How do you explain the significance of this holiday to a 4 year old?
Maybe you don't need to.
Maybe she just needs to witness her mama sitting in the car in the parking lot at the grocery store, crying her eyes out to the tune of,
I have a dream
that my four little children will one day live in a nation
where they will not be judged by the color of their skin,
but by the content of their character.
Maybe it's enough. Dear God, please let it be enough. Let this man's life stand as a witness not just to racial prejudice, but also to moral and economic injustice. Let my kids see the better world they live in, instead of the worse one.
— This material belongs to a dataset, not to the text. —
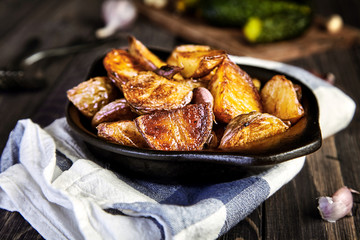 Baked potato wedges with garlic, christmas garnish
Darkness cannot drive out darkness; only light can do that. Hate cannot drive out hate; only love can do that.
Then I remembered standing in my kitchen, the night Barack Obama was named the next president of the United States and I turned to my husband and said, "this is an amazing moment in history, and here we are standing in the middle of it."
Take the first step in faith. You don't have to see the whole staircase, just take the first step.
I remember a class full of Navajo kids. We sang Jesus Loves me in Navajo. I still remember the syllables, carefully burned into my memory. But mostly I remember wishing that I could live in the dorms like the other kids.
We must learn to live together as brothers or perish together as fools.Fast forward to that parking lot, again, today. I found myself doing the cliche...
"Martin was kind of like Jesus, honey. He didn't get to come back to life, but his story will never end."
My husband finally turned off the radio and we went in to buy our new running shoes and bananas and whatever other inconsequential stuff was on our list today.
But I hope my girl will remember. Today is about a dream. What's your dream?
I have decided to stick with love. Hate is too great a burden to bear.